As private equity increasingly stimulates investors’ appetites for short-term profit, listed companies come under growing pressure to ‘deliver shareholder value’ through similar measures. The Australian retailer Coles Myer, for example, only fought off a recent private equity bid by laying off 2,500 workers – the only way to demonstrate to shareholders that it was serious about ‘delivering value’.

The current size of the buyout funds means that no company is immune from a potential takeover. The shadow of private equity now looms over all publicly traded companies, creating a permanent ‘pre-bid’ environment. Any corporation which fails to satisfy investors by regularly delivering double-digit profits, boosting dividends, buying back shares and taking on new debt to demonstrate that it is serious about acquisitions but respectful of cash flow is now a target. The buyout funds are hungrier than ever, and flush with cash.

Increasing levels of debt – and leveraged loans in particular − bring heightened potential for financial instability, crisis and collapse. Private equity’s continued advance depends on favourable interest rates, rising share prices and liquidity in stock markets. A shift in any of these variables would inhibit successful ‘exits’ and shake the entire edifice. In 1998, the Federal Bank of New York brokered a USD 3.65 billion bailout of Long Term Capital Management, the hedge fund founded by Nobel Prize-winning economists. This sum would not even cover the collapse of a single one of today’s large private equity funds – and there are many.

Private equity funds and their lobbyists assert that taking companies private through leveraged buyouts shields them from short-term financial market pressures. In fact, it is private equity’s insatiable appetite that is helping feed the market’s widening hunger for short-term maximum gain, accelerating the general tendency for corporations to downsize and divest rather than retain and reinvest the profits now being paid out to investors at unprecedented levels. This financialization of the global economy has imposed a levy on services and manufacturing, rewarding finance at the expense of investment in long-term job creation.

Unions must act to reverse the hollowing out of productive investment which is destroying jobs and intensifying pressures at the workplace.

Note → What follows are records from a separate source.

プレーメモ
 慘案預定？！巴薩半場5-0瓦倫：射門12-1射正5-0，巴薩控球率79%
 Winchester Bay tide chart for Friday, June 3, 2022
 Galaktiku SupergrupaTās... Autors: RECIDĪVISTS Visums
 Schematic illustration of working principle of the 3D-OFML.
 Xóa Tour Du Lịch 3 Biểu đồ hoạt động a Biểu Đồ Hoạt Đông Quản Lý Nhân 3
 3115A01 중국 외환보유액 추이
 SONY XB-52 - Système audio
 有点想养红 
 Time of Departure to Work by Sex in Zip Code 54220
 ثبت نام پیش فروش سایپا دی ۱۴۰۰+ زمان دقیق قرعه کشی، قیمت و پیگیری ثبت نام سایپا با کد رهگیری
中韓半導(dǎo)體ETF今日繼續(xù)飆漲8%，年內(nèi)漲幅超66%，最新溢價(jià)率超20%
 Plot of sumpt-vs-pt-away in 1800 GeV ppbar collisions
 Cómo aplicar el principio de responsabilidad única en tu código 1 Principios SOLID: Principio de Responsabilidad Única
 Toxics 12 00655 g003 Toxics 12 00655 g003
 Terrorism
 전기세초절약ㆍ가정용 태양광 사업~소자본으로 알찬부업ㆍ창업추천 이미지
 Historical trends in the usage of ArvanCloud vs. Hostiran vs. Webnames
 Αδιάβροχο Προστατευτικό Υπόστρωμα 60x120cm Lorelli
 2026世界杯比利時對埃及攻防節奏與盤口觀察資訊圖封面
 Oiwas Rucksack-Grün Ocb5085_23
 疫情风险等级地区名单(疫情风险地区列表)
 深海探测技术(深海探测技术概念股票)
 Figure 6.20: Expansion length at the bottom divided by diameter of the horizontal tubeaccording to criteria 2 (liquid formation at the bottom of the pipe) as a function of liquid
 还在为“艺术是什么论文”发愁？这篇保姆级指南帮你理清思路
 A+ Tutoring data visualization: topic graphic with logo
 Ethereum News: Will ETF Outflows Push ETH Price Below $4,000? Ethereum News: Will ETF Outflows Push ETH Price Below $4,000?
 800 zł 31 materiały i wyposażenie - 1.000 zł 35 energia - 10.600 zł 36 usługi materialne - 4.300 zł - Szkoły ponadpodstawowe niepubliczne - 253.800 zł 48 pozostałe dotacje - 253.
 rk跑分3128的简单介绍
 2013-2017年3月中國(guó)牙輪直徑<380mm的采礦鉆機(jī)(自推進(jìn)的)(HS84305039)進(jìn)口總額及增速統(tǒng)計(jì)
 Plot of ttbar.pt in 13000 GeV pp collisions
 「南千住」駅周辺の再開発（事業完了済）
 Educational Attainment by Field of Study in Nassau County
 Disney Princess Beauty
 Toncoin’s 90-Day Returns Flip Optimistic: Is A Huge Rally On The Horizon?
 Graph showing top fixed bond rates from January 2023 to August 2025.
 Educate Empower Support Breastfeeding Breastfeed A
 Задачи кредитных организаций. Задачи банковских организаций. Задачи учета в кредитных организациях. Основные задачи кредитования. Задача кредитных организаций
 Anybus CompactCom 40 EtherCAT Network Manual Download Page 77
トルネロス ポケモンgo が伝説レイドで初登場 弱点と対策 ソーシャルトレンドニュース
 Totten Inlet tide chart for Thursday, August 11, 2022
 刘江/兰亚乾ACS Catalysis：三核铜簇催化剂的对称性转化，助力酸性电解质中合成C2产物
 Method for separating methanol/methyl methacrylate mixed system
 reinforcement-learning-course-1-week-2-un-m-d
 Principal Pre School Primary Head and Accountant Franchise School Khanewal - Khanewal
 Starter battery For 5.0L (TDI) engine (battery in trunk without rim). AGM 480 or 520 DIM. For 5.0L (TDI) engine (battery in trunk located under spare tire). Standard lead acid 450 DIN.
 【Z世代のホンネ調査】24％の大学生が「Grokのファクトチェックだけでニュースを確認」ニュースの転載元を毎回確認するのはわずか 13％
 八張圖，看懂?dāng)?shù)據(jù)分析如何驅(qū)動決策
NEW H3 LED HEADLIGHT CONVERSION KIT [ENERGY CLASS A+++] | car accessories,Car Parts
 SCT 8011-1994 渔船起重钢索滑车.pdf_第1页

If, as McCreevy and the experts contend, it is ‘regulatory uncertainty’ which is blocking the further expansion of private equity in Europe, maintaining that uncertainty should be our first line of defence. We should mobilize to ensure that the maximum degree of current national regulation, including limitations on funding private equity, is rigorously applied at a broader level. There is broad scope for union political intervention at national level as well as a coordinated response directed at the EU.

However, current regulation is clearly not sufficient − as the spectacular advance of the buyout business illustrates. The ease with which private equity firms have succeeded in furnishing the Commission with a ‘ready-made agenda’ raises serious questions about the ‘social partnership’ said to underlie the European social model. Their report should be the occasion for European labour to publicly question the nature of the enterprise in which we are purportedly partners.

All systems for regulating markets must adapt and evolve, for markets are constantly mutating. The rise of a new class of investors, and the siphoning off of social wealth to reward financial markets, are not the inevitable result of a natural process, but one which has been carefully constructed at every stage through conscious political intervention.

The forward march of private equity buyouts and the financialization of the global economy can and must be reversed. To do so, we will have to move beyond ‘corporate governance’ issues to develop − and fight for − a comprehensive program for regulating finance that will encourage productive, long-term investment in jobs and skills as an alternative to feeding unrestrained financial appetites.